= Work order =
Within the data that follows, set down exactly the lines from the one containing "Two men walking in a stadium seating area" through the one containing "Green Cute But", both ends included.
::::::
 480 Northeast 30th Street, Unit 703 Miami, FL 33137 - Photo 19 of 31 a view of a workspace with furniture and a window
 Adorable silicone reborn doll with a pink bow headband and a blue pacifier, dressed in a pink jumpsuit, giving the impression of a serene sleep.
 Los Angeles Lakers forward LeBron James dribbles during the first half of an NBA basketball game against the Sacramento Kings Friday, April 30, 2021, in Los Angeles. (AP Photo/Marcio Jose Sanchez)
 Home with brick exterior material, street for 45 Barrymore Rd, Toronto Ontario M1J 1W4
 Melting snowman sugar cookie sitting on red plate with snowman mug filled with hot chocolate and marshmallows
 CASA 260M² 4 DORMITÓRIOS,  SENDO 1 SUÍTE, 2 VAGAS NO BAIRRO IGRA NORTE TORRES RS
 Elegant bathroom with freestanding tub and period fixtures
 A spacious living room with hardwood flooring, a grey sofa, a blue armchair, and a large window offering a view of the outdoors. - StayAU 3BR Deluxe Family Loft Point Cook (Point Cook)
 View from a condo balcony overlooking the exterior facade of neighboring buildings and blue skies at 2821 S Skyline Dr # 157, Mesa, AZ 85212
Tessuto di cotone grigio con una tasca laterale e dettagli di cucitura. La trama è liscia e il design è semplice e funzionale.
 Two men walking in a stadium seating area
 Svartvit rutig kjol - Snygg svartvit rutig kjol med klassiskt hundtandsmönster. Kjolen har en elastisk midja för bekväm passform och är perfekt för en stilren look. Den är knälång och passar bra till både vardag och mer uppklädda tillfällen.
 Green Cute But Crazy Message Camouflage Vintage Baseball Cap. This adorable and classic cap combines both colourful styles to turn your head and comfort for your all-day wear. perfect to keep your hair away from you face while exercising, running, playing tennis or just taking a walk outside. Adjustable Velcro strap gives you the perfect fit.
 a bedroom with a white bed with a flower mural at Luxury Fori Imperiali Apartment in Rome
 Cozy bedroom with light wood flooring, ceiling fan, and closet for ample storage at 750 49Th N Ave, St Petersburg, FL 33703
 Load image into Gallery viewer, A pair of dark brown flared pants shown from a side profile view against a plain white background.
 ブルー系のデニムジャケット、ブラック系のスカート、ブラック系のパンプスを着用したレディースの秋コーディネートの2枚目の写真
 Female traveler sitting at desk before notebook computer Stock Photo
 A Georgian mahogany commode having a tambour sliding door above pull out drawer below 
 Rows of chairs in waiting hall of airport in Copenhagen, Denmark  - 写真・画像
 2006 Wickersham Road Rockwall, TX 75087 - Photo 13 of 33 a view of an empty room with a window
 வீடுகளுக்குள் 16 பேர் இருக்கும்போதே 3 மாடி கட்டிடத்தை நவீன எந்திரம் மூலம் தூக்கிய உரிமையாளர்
::::::
= Finished task =
 Two men walking in a stadium seating area
 Svartvit rutig kjol - Snygg svartvit rutig kjol med klassiskt hundtandsmönster. Kjolen har en elastisk midja för bekväm passform och är perfekt för en stilren look. Den är knälång och passar bra till både vardag och mer uppklädda tillfällen.
 Green Cute But Crazy Message Camouflage Vintage Baseball Cap. This adorable and classic cap combines both colourful styles to turn your head and comfort for your all-day wear. perfect to keep your hair away from you face while exercising, running, playing tennis or just taking a walk outside. Adjustable Velcro strap gives you the perfect fit.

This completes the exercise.